Retype each line below precisely and omit all images.

▸ Source material
———
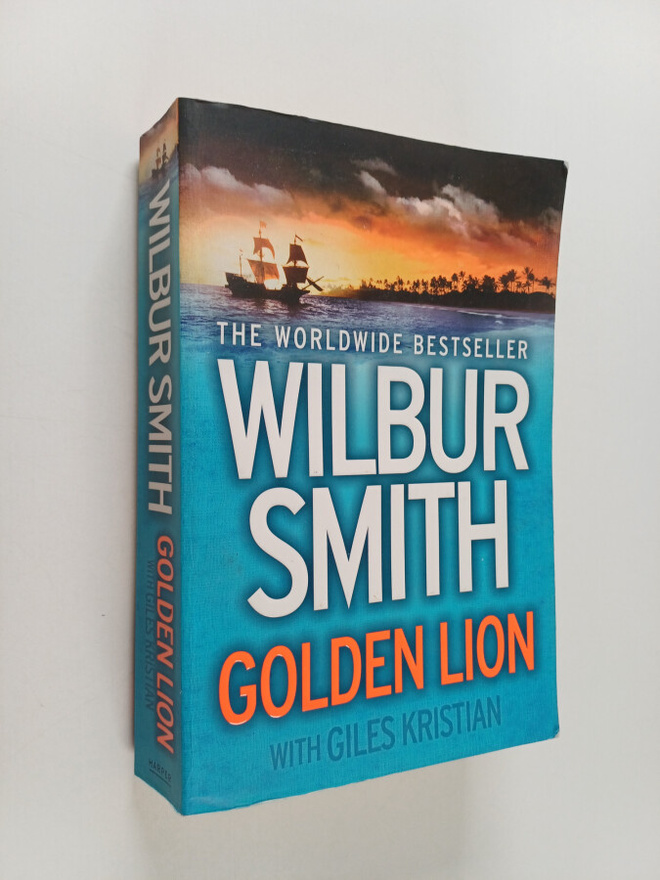 Wilbur Smith : Golden lion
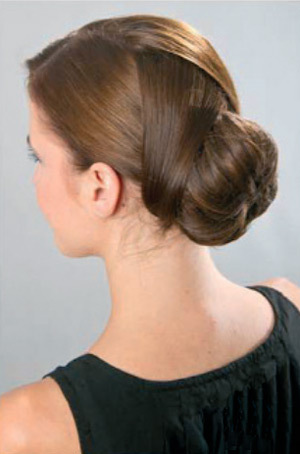 Chignon (© Great Lengths)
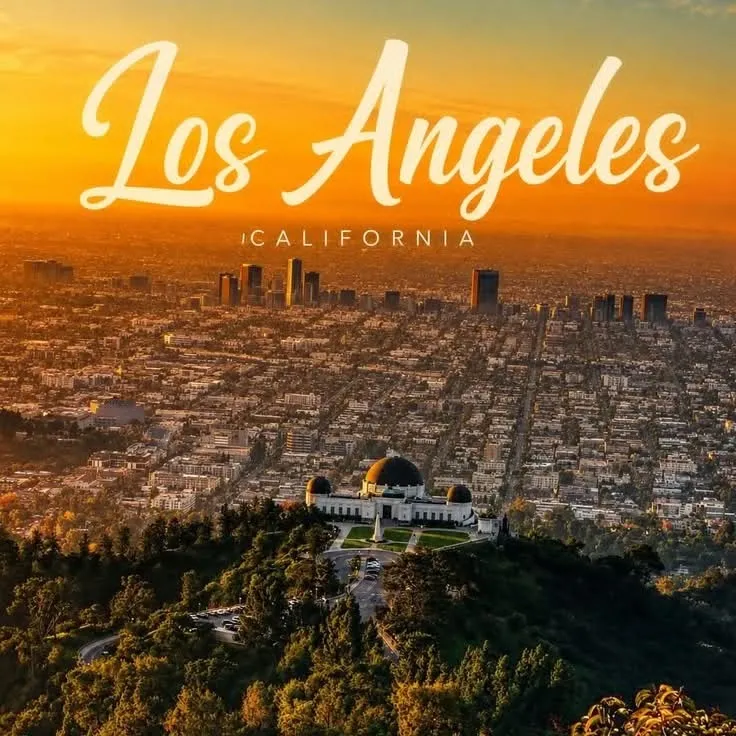 Los Angeles Captions for Instagram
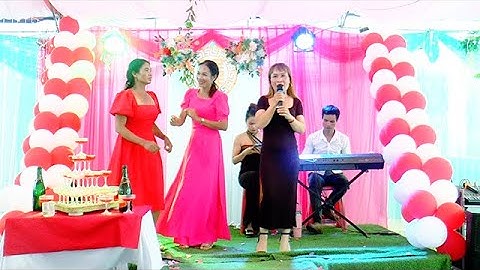 ĐÁM CƯỚI TRÊN ĐƯỜNG QUÊ| CHỊ GÁI HÁT Ở ĐÁM CƯỚI | SƠN THÀNH SƠN HÀ QUẢNG NGÃI RẤT HAY NHƯ CA SĨ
———
▸ Answer to this problem
 Wilbur Smith : Golden lion
 Chignon (© Great Lengths)
 Los Angeles Captions for Instagram
 ĐÁM CƯỚI TRÊN ĐƯỜNG QUÊ| CHỊ GÁI HÁT Ở ĐÁM CƯỚI | SƠN THÀNH SƠN HÀ QUẢNG NGÃI RẤT HAY NHƯ CA SĨ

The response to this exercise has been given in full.